THE FORERUNNERS: Black Poets in America

By

Pub Date: Jan. 1st, 1975
Publisher: Howard Univ. Press

This small anthology of sixteen black poets is a by-product of a Howard University poetry festival dedicated to Langston Hughes. The poets asked to read their own and Hughes' work on that occasion were, according to 'poet Dudley Randall's preface, ""a bridge between generations--lyricists who carried the baton of poetic tradition from the Renaissance into the forties and fifties, and created the foundation of the sixties and seventies."" Critic Addison Gayle, Jr. has contributed a short essay on the forging of a racial consciousness in the black American, starting with a bathetic little verse by an 18th century poet, one Jupiter Hammon, who thanked God for delivering him into slavery at the hands of the superior white race.
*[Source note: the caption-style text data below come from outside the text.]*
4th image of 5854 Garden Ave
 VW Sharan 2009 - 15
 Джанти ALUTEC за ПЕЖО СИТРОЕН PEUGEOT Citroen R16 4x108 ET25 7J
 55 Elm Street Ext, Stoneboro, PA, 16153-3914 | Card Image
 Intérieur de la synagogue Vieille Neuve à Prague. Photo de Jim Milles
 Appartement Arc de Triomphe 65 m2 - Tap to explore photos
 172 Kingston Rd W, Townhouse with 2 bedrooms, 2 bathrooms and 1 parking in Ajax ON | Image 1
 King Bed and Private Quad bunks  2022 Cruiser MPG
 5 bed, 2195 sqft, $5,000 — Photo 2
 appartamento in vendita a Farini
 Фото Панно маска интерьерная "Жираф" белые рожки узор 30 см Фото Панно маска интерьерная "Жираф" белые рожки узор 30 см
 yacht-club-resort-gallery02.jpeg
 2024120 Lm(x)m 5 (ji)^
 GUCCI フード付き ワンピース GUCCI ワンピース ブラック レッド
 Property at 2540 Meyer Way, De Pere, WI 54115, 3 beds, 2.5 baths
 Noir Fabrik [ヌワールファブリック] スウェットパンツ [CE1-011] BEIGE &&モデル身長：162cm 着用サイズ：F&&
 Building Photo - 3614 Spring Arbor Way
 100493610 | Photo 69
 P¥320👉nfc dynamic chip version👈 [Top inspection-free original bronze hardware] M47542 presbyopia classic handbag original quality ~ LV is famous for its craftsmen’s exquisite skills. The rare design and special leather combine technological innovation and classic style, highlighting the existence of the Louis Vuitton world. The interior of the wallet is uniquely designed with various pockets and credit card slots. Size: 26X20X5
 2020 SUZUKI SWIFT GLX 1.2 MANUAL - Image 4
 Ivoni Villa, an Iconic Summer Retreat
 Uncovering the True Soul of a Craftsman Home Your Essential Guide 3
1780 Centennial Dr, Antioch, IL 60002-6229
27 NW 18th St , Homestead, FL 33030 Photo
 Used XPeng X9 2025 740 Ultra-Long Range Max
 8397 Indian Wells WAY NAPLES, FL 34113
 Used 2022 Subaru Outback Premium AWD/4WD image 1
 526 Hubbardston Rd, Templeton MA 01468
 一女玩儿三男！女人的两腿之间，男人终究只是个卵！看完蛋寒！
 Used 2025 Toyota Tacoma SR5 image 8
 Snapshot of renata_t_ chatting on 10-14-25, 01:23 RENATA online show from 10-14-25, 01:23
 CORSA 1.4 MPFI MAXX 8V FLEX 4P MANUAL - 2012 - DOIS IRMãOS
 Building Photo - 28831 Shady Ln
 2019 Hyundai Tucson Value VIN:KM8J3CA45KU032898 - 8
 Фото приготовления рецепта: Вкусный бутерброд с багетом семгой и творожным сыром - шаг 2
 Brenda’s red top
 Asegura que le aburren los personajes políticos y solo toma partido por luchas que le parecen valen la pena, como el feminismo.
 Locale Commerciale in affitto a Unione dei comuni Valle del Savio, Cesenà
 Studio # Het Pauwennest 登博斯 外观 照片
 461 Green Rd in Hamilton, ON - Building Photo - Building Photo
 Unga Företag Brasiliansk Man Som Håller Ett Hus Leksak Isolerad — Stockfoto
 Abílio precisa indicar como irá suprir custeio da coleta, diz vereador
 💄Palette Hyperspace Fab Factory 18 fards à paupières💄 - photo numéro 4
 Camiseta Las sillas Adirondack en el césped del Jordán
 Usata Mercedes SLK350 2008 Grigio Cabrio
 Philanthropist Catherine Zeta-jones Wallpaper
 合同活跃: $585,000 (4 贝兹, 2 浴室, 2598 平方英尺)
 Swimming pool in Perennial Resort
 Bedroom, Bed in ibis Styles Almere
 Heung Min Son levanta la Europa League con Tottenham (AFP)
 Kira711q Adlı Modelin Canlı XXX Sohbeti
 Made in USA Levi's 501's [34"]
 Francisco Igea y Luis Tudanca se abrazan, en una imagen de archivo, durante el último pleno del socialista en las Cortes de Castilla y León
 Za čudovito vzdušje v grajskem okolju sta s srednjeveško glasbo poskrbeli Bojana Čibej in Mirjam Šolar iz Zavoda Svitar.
Richard Wright provides his base note, and Gayle's a hard man on writers ""who attempt to lose the black experience in abstraction and surrealism."" There is some superb writing in this anthology, with Gwendolyn Brooks' ""Life of Lincoln West"" standing well above the crowd. Also here: Samuel Allen, Russell Atkins, Ama Bontemps, Sterling Brown, Frank Marshall Davis, Owen Dodson, Robert Hayden, Naomi Long Madgett, Margaret Walker, Jay Wright. Some are angry, some got the blues, some are funny, some just sly, and they all celebrate the souls of black folk in literature which--sorry, Gayle--has no color at all.